Logs for Service Monitoring

Unleashing the Hidden Power of Logs!

Muhammad Izzuddin Al Fikri
Haraj Tech
4 min readJul 12, 2024

--

Photo by Simone Hutsch on Unsplash

In Haraj, we use microservices architecture. While it offers numerous benefits, it also comes with challenges. One of them is monitoring and ensuring each service is running well as expected.

One of our strategies is utilizing structured logs and the “plain old” AWS CloudWatch. In this article, we will share how we did it.

Structured Logs

Implementing structured logs in our services is the most fundamental building block for unlocking the full potential of AWS CloudWatch.

What are structured logs, and why do we need them?

Structured logging is an approach where logs are stored in a consistent and structured format. Here are some key reasons why structured logging is essential for monitoring microservices-based services:

  1. Consistency and Ease of Analysis: A consistent log format makes it much easier to analyze, debug, and identify issues quickly using log management tools like AWS CloudWatch Logs.
  2. Automatic Alarms with Custom Metrics: Structured data makes creating custom metrics from logs easy. For instance, we can create metrics to count the number of failed requests due to specific errors or corrupted data in a workflow process. These metrics can trigger alarms, allowing us to detect problems sooner.

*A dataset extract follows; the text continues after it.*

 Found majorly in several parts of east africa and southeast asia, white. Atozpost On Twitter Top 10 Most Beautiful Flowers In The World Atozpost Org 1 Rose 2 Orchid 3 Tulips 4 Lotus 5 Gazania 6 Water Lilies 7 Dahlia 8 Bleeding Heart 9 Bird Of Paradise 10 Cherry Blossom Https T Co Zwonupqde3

We use JSON for our structured logs because it is widely used, flexible, and most importantly, developers are familiar with it.

Below is an example of a structured log in JSON format for a REST API service. The sample code for the service is available here.

{"time":"2024-07-19T08:54:28.205679162Z","level":"INFO","msg":"server running on port 8000"}
{"time":"2024-07-19T08:54:28.960020621Z","level":"INFO","msg":"request processing time: 53.581µs","req_method":"GET","req_path":"/transactions/1","req_query":""}
{"time":"2024-07-19T08:54:31.958675787Z","level":"INFO","msg":"request processing time: 58.101µs","req_method":"GET","req_path":"/transactions","req_query":""}
{"time":"2024-07-19T08:56:54.438630545Z","level":"INFO","msg":"request processing time: 50.111µs","req_method":"POST","req_path":"/transactions","req_query":"anonymous=true"}
{"time":"2024-07-19T08:57:13.401942813Z","level":"INFO","msg":"request processing time: 28.86µs","req_method":"GET","req_path":"/transactions/3","req_query":""}
{"time":"2024-07-19T08:57:23.510930706Z","level":"WARN","msg":"transaction not found","transaction_id":4}
{"time":"2024-07-19T08:57:23.510956746Z","level":"INFO","msg":"request processing time: 29.21µs","req_method":"GET","req_path":"/transactions/4","req_query":""}
{"time":"2024-07-19T08:58:21.137593838Z","level":"ERROR","msg":"transaction has empty user ID","payload":{"user_id":0,"name":"Order for Galaxy Journal Book","items":["Journal Book Galaxy Series","Cover for Journal"],"amount":120000}}
{"time":"2024-07-19T08:58:21.137633259Z","level":"INFO","msg":"request processing time: 77.242µs","req_method":"POST","req_path":"/transactions","req_query":""}

Three primary fields will appear in every log entry. These fields are primarily used to develop alarms:

  1. time. The time when the log was written.
  2. level. The severity level of the log.
  3. msg. The general message is conveyed in the log.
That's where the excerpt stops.